(Problem to solve) In the material below, find the span from the line with "Toyota 67003-33270 Panel" to the line with "Littleforbig printed diaper" and transcribe only those lines, exactly, ends included, without the pictures.

(Provided records)
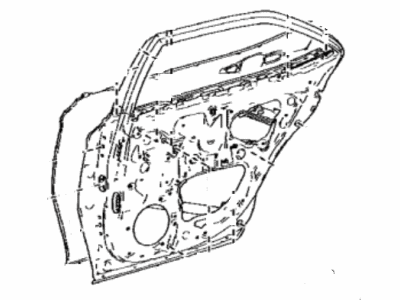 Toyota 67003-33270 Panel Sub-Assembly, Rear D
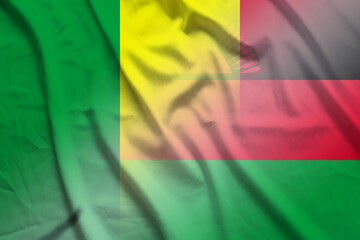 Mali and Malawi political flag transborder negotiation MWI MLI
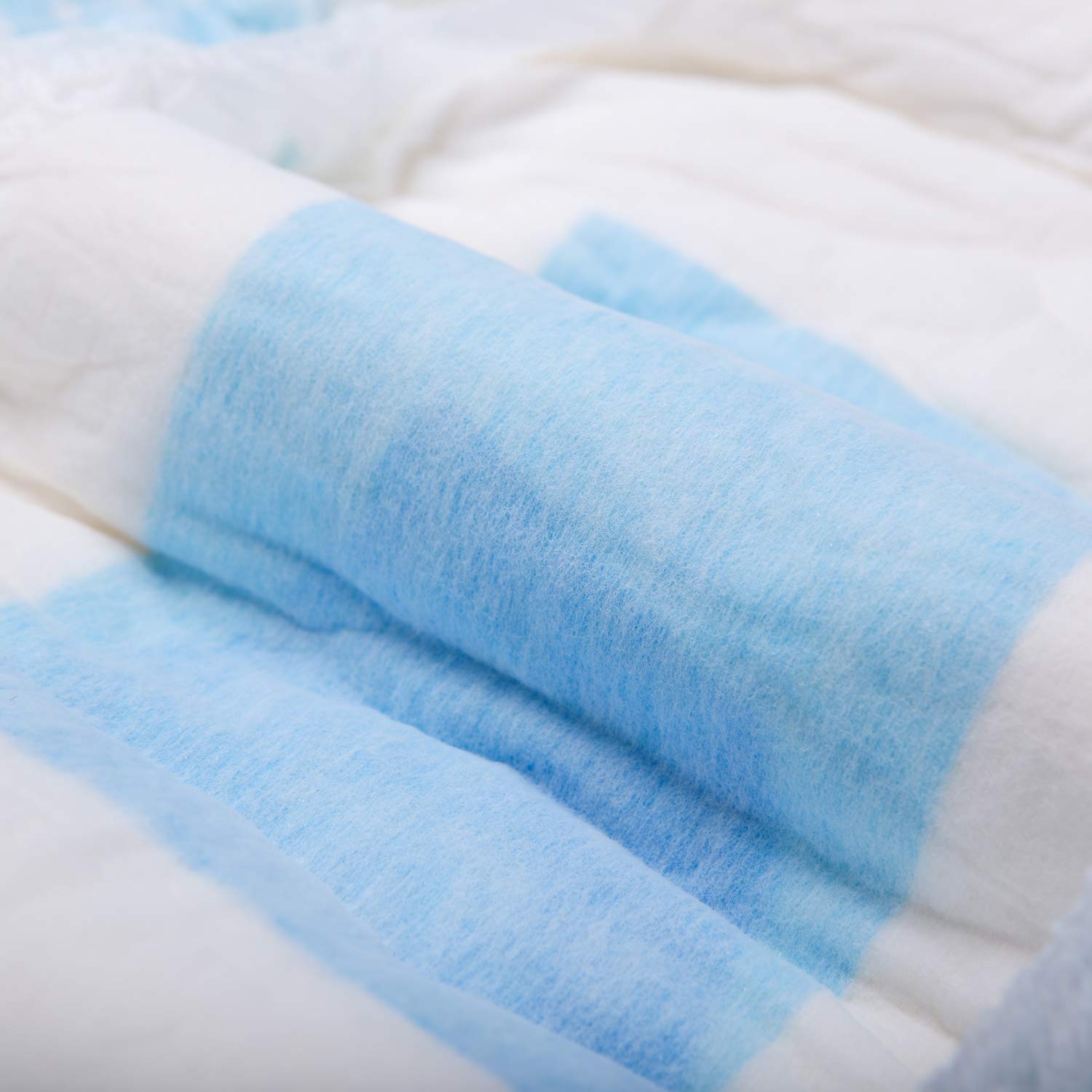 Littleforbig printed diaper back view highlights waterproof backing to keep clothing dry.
==
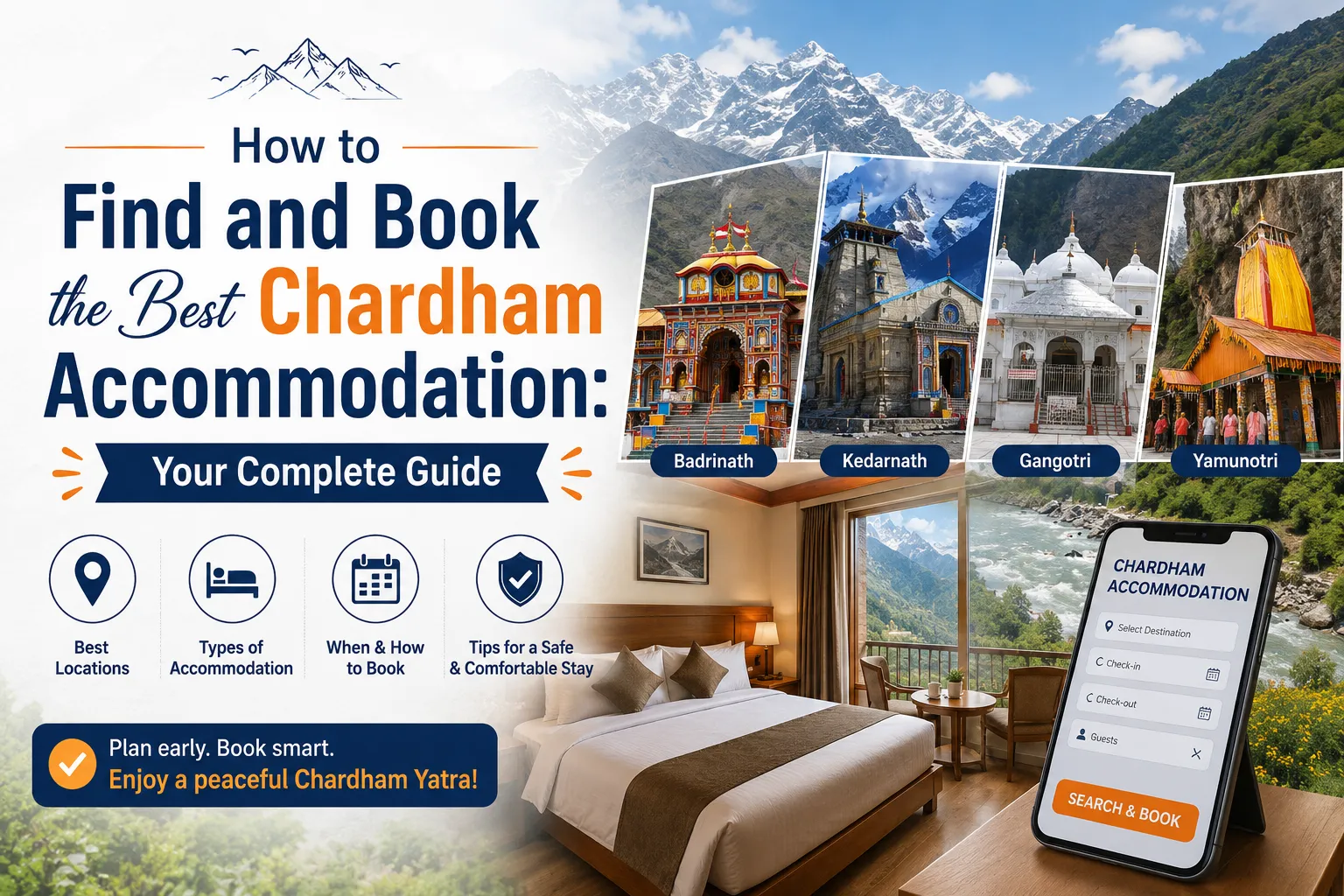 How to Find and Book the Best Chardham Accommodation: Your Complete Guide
...
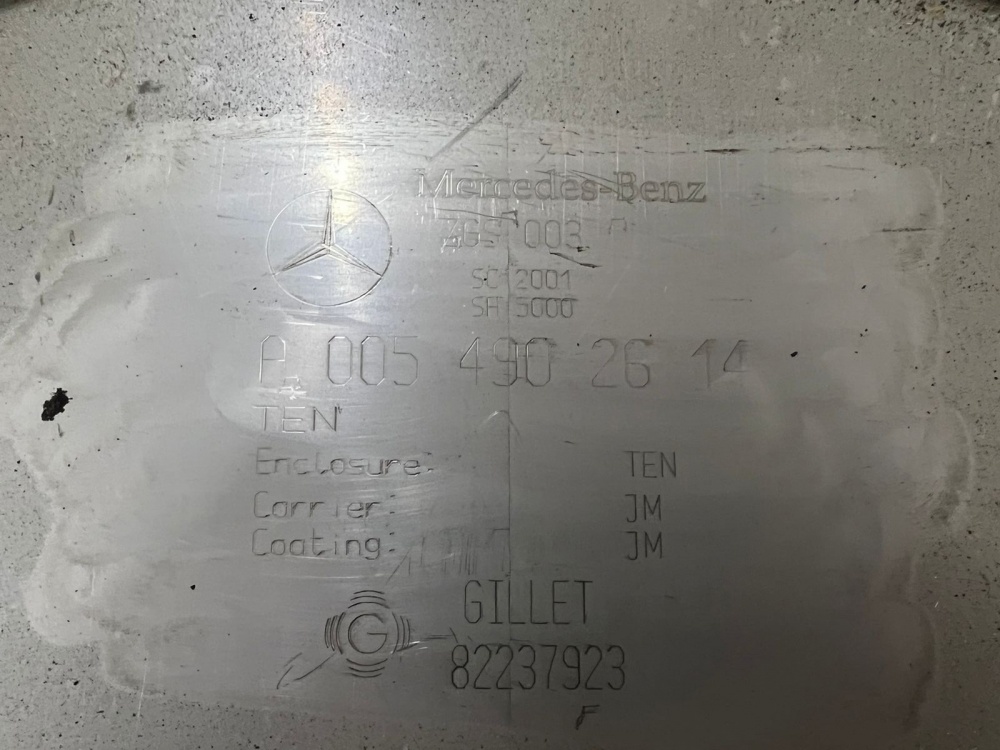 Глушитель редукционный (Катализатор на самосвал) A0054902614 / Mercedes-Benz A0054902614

(Exercise answer)
 Toyota 67003-33270 Panel Sub-Assembly, Rear D
 Mali and Malawi political flag transborder negotiation MWI MLI
 Littleforbig printed diaper back view highlights waterproof backing to keep clothing dry.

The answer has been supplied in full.